In ancient India, it was the part of Magadha. In 684BC Arrah was the part of the region ruled by Haryanka dynasty. During Chandragupta Maurya Arrah was the part of the great Magadh empire. The Pillars of Ashoka are found at the Masarh village in Arrah town. During 200 CE it was part of Gupta dynasty. Bhojpuri Folktales of Vikramaditya like Singhashan Battishi, Baital pachisi are still famous in the town and other Bhojpuri speaking area. It was also the part of Pala Empire and Chero empire. Bihiya and Tirawan were the capitals of Chief Ghughulia and Raja Sitaram Rai respectively.

Medieval

In 14th century Chero lost Western Bihar along with Arrah to Ujjainiya Rajputs under the leadership of Hunkar Shahi. They named the territory "Bhojpur" on the name of their ancestor Raja Bhoja. In 1607, a number of Chero chiefs combined to launch a spirited attack against Ujjaniniyas. One of the descendants of Sitaram Rai, Kumkum Chand Jharap drove out Ujjainiyas from the Bhojpur region and captured major parts of the territory. In 1611, Ujjainiyas defeated Cheros and recaptured the lost region again. Sher Shah Suri also defeated Chero during the early 16 century and made Sasaram its capital after defeating the Mughals. In 1604 Chieftain Narayan Mal got a land grant from Jahangir. After that Raja Horil Singh shifted the capital to Dumrao and established Dumraon Raj. Babur pitches his camp in Arrah in 1529 A.D and took control over it.

Modern

After the Battle of Buxar the British took control over Arrah. Arrah was one of the centres of revolt in 1857.

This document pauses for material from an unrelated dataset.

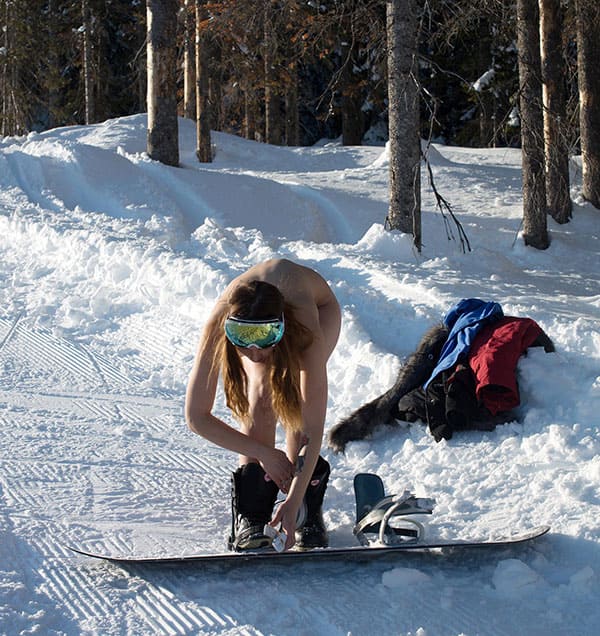 Голая девушка катается на сноуборде зимой 8 из 243 фото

During the Indian rebellion of 1857, a group of 18 British civilians and 50 Indian soldiers was besieged in the Little House at Arrah, by a band of 2500–3000 armed soldiers and around 8000 others under the command of 80-year-old Veer Kunwar Singh, the Zamindar of adjacent Jagdishpur. A British regiment, dispatched to their assistance from Danapur, was repulsed, but the group withstood the siege for eight days until they were relieved by other East India Company troops.

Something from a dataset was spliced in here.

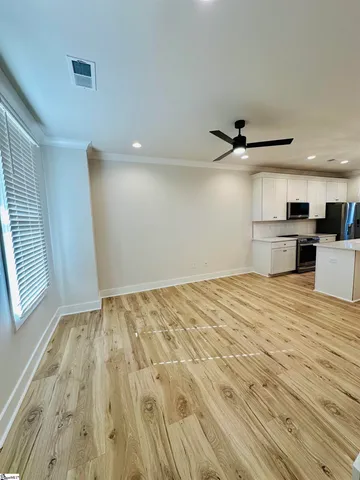 $399,900 | 9 Hawthorne Lane, Unit 102, Greenville, SC 29605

In 1911 the king of England George V visited Arrah and prayed at the Holy Saviour Church. Between 1901 and 1911 the town suffered severely due to Plague. As a result, the population in 1911 became 38,549 which was 46,170 in 1901.

Geography 
Arrah is located at the elevation of 192 m from the sea level at the bank of Son river, Ganga River and Gangi River. Arrah lies at the confluence of the Ganga and the Son River, other small rivers that flow in the town are Gangi River, Badki Nadi and Chhotki Nadi.

The Ganga river acts as northern boundary of the town and due alluvial deposit the area is very fertile and considered as best wheat growing area of Bihar.The eastern boundary of the town is the Son river which separates and Bhojpuri and Magahi speaking regions of Bihar.

During the British Raj Arrah was the part of Bengal presidency. The land of the city is fertile and most used for cultivation with very low forest cover. The main crops that are grown here are rice, mango and mahuaa.

Climate
The climate is characterised by relatively high temperatures and evenly distributed precipitation throughout the year. The Köppen Climate Classification sub-type for this climate is "Cwa" (Humid Subtropical Climate).

Demographics

As per the 2011 census, Arrah Municipal Corporation had a total population of 261,099, out of which 139,319 were males and 121,780 were females. It had a sex ratio of 874. The population below 5 years was 34,419. The effective literacy rate of the 7+ population was 83.41 per cent.

Languages

Hindi is the official language with Urdu being the additional official. Bhojpuri is the most commonly spoken language, followed by Hindi and Urdu.

Administration
The Arrah sub-division (Tehsil) is headed by an IAS or state Civil service officer of the rank of Sub Divisional Magistrate (SDM).

Blocks
The Arrah Tehsil is divided into 8 Blocks, each headed by a Block Development Officer (BDO). List of Blocks is as follows:
 Arrah
 Agiaon
 Barhara
 Koilwar
 Udwant Nagar
 Sandesh
 Sahar
 Garhani

Civic administration
Arrah is the headquarters of the Bhojpur district. On 1 June 1865, the town constituted into a municipality which later became municipal corporation, which currently divides the city in 45 wards. Each ward elects its ward commissioner and, the Mayor is chosen through indirect election in which ward commissioners from respective wards cast their votes.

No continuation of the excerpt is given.